From: Martin Husemann <martin@duskware.de>
To: gnats-bugs@NetBSD.org
Cc:
Subject: Re: lib/49816: rtld internal lock vs fork
Date: Mon, 6 Apr 2015 11:57:09 +0200
Out of curiosity: which async-signal-safe functions is the child calling
that involve ld.elf_so internal actions at that stage?
Martin
From: yamt@netbsd.org (YAMAMOTO Takashi)
To: gnats-bugs@NetBSD.org
Cc: lib-bug-people@netbsd.org, gnats-admin@netbsd.org, netbsd-bugs@netbsd.org,
yamt@NetBSD.org
Subject: Re: lib/49816: rtld internal lock vs fork
Date: Mon, 6 Apr 2015 11:27:22 +0000 (UTC)
> Out of curiosity: which async-signal-safe functions is the child calling
> that involve ld.elf_so internal actions at that stage?
>
> Martin
it seems that what's stuck in the child process is
an ordinary _rtld_bind_start.
YAMAMOTO Takashi
From: Joerg Sonnenberger <joerg@britannica.bec.de>
To: gnats-bugs@NetBSD.org
Cc:
Subject: Re: PR/49816 CVS commit: src/libexec/ld.elf_so
Date: Mon, 6 Apr 2015 13:33:30 +0200
On Mon, Apr 06, 2015 at 09:35:00AM +0000, YAMAMOTO Takashi wrote:
> Log Message:
> Fix membars around rtld internal mutex.
>
> This fixes the most of lockups i observed with Open vSwitch
> on NetBSD/amd64. ("most of" because it still occasionally
> locks up because of other problems. see PR/49816)

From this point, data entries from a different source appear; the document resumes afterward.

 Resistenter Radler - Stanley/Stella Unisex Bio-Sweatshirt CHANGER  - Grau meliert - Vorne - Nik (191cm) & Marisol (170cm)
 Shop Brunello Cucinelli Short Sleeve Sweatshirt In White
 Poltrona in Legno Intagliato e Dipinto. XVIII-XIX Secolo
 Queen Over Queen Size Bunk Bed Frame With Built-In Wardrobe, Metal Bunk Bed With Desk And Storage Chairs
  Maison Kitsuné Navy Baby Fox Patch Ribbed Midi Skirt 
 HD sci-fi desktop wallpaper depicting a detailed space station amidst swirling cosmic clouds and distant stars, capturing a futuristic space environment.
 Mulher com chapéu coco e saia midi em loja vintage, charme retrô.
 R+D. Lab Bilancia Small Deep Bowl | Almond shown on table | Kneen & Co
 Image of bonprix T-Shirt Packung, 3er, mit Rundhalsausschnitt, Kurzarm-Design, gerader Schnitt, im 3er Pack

None of those should matter on amd64? CAS has an implicit total memory
barrier, so this seems to just add a lot of overhead for no reason.
Joerg
From: Joerg Sonnenberger <joerg@britannica.bec.de>
To: gnats-bugs@NetBSD.org
Cc:
Subject: Re: lib/49816: rtld internal lock vs fork
Date: Mon, 6 Apr 2015 15:50:34 +0200
On Mon, Apr 06, 2015 at 09:20:00AM +0000, yamt@NetBSD.org wrote:
> >Description:
> when a thread does fork(2), some other thread might hold _rtld_mutex.
> in that case, the child process will likely deadlock soon because
> of non-zero _rtld_mutex. i've observed the problem with open vswitch.
Non-zero _rtld_mutex by itself should not be problem. The problem exists
if another thread requires the exclusive lock. I do plan to rewrite rtld
at some point to never require an exclusive lock for symbol look up, but
that's far from trivial. In the old world before locking, you would just
hit race conditions or not.
Joerg
From: yamt@netbsd.org (YAMAMOTO Takashi)
To: gnats-bugs@NetBSD.org
Cc: lib-bug-people@netbsd.org, gnats-admin@netbsd.org, netbsd-bugs@netbsd.org,
yamt@NetBSD.org
Subject: Re: PR/49816 CVS commit: src/libexec/ld.elf_so
Date: Mon, 6 Apr 2015 16:09:29 +0000 (UTC)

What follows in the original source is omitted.